Virtually all of the 43 companies surveyed on behalf of GMA said they are enhancing nutritional choices, while 86 percent of 42 companies said they have introduced or reformulated products and sizes. GMA said its survey sample represented about $250 billion in annual U.S. sales, or approximately half of the U.S. food and beverage
Respondents to GMA's survey said they have introduced nutritional improvements in a total of about 4,500 products and sizes since 2002. These average about 30 percent of food and beverage SKUs in the average supermarket. The major changes include saturated fat and trans fat, which have been reduced or eliminated in about 3,000 products and sizes; calorie reduction in 969 products and sizes; sugar and carbohydrate reduction in 903 products and sizes; and vitamin and mineral fortification in 533 products and sizes. Sodium has been reduced in about 376 products and sizes.
Suppliers are also reducing portion sizes of many products. About half of those surveyed have changed multi-serve packaging or are in the process, while 55 percent have changed single-serve packaging or are in the process. Fifty-six percent have created sizes for kids or are planning to.

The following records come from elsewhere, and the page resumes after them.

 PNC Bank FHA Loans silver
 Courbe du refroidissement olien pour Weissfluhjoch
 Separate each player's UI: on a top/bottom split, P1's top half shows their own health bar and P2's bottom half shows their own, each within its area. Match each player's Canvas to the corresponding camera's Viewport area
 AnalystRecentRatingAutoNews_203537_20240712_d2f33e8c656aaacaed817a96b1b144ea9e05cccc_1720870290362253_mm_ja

The majority of companies surveyed are marketing or planning to market their improved products to get the message out to consumers. Ninety percent of them are conducting and planning healthy lifestyle promotions; 81 percent are putting together customer health promotions in communities; and 74 percent are partnering with public health organizations.
Meanwhile, suppliers are getting the message across on their labels. Eighty-three percent of them have already enhanced label information on a total of 2,749 products.
Finally, look out for MyPyramid promotions. Seventy-three percent of companies surveyed said they're planning to use the government's recently revised healthy eating tool to promote a healthy lifestyle message.